Zuckerberg
Facebook co-founder, Chairman and CEO Mark Zuckerberg testifies before the House Energy and Commerce Committee. The government is set to levy a multi-billion dollar fine on Facebook for its rash of privacy lapses. Chip Somodevilla/Getty Images

Will Mark Zuckerberg’s travails ever end? Facebook’s CEO now stands accused of using the data from millions of Facebook’s users as a bargaining chip in a attempt to boost Facebook’s power while hurting competitors. It also reportedly revealed users' private data to his friends.

And all the while, Facebook was making loud noises about its attempts to protect and secure user privacy.

Facebook’s tactics was revealed in more than 4,000 pages of leaked company documents from 2011 to 2015 obtained and made public by NBC News. The documents paint a disturbing picture of a Facebook management team concerned only with the bottom line despite public claims of championing user privacy.

The documents also show that changes to its policies Facebook made to “protect privacy” were really a PR stunt intended to benefit its developers who benefitted from its data, while earning some positive media coverage in the process.

Facebook hasn’t questioned the authenticity of the documents obtained by NBC News.

The documents include emails, webchats, spreadsheets, presentations, and meeting summaries. Taken together, these internal Facebook documents show Zuckerberg, his board of directors and management team looking for ways to use Facebook’s trove of user data as leverage over companies it partnered with. User data they trafficked in included information about friends, relationships and photos.

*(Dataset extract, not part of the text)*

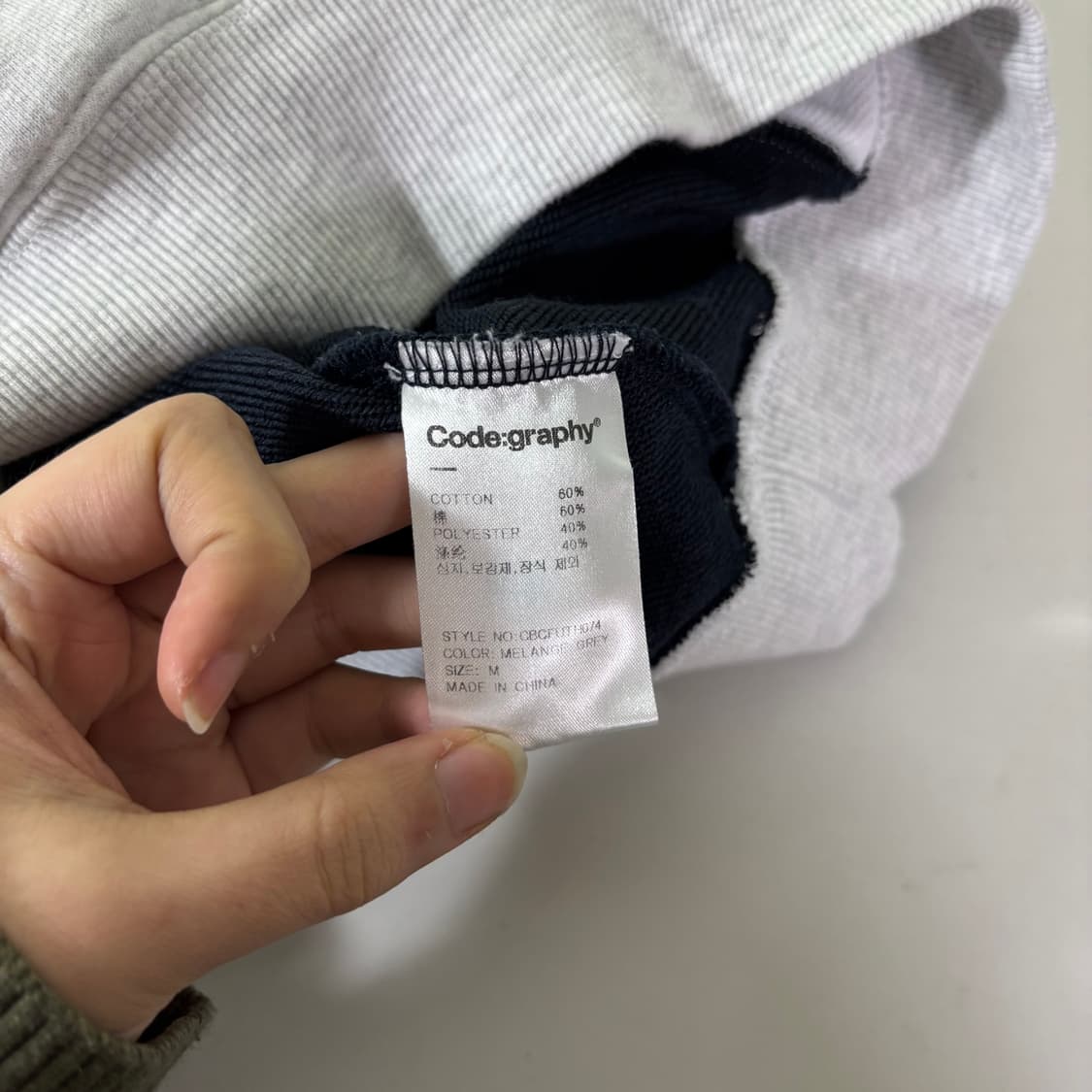 M 코드그라피 멜란지그레이 스포티브 후드티 상품이미지5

The documents show Facebook rewarding friends and favored companies by giving them access to user data. Facebook also assiduously denied any such access to rival companies or apps.

Facebook gave Amazon extended access to user data because the latter was spending money on Facebook advertising. Amazon also partnered with Facebook on the launch of its Fire smartphone. In another case, Facebook discussed denying access to user data for a messaging app that had grown too popular it was viewed as a competitor.

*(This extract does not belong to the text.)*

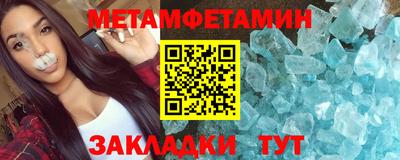 дмт Беслан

All the while, said the documents, Facebook was crafting a strategy to publicly proclaim these moves as a way of protecting user privacy.

Facebook also came up with ways to require third-party apps to compensate Facebook for access to its users’ data. Compensation included direct payment, advertising spending and data-sharing arrangements.

The documents show Facebook ultimately decided not to sell the data directly but opted to dole it out to app developers considered personal “friends” of Zuckerberg, or who spent money on Facebook and shared their own user data.

Despite these transgressions, Facebook hasn’t been accused of breaking the law.

The documents in the possession of NBC News were anonymously leaked to British investigative journalist Duncan Campbell, who shared them with NBC News, Computer Weekly and Süddeutsche Zeitung.